__What you should do__
Could you restate word for word every line from the one containing "Khao Kho: choose" to the end of the data below, pictures excluded?

__Dataset excerpt__

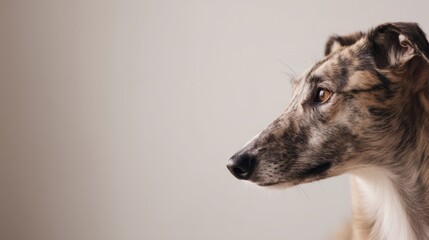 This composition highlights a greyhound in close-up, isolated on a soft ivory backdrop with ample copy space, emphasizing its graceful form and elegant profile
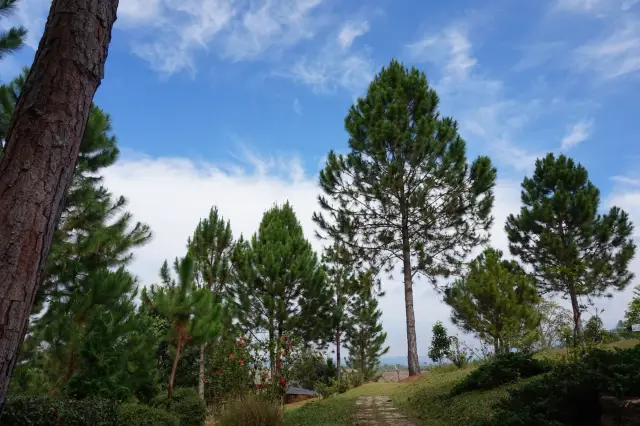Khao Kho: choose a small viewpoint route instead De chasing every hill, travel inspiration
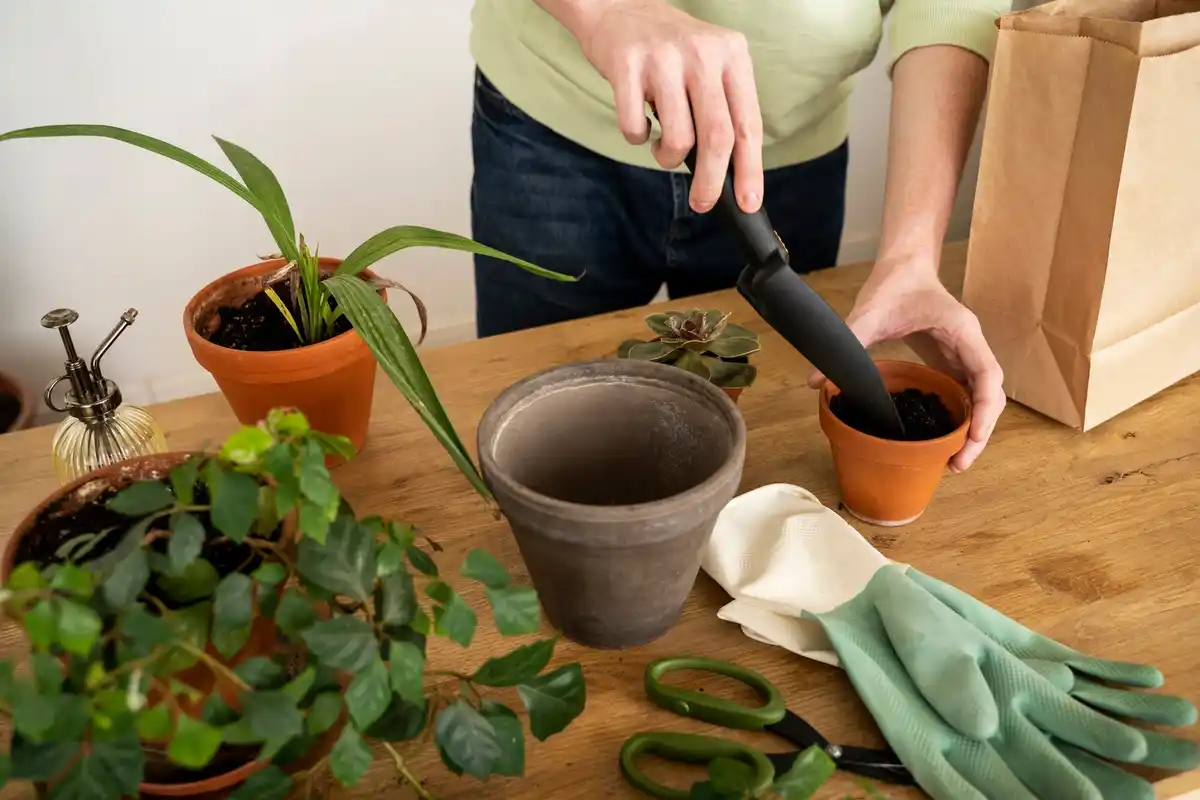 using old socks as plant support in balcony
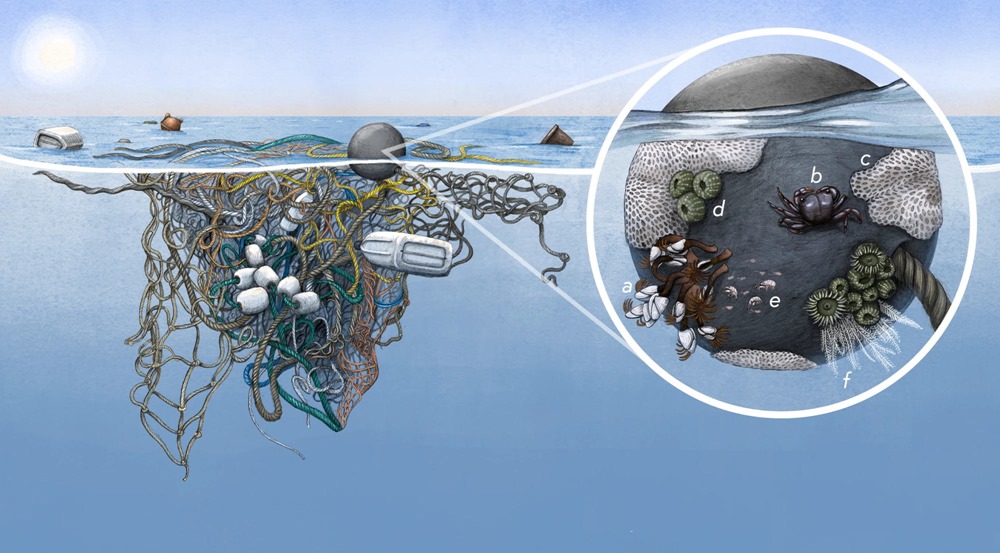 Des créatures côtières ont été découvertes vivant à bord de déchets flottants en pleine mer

__Answer for the task__
Khao Kho: choose a small viewpoint route instead De chasing every hill, travel inspiration
 using old socks as plant support in balcony
 Des créatures côtières ont été découvertes vivant à bord de déchets flottants en pleine mer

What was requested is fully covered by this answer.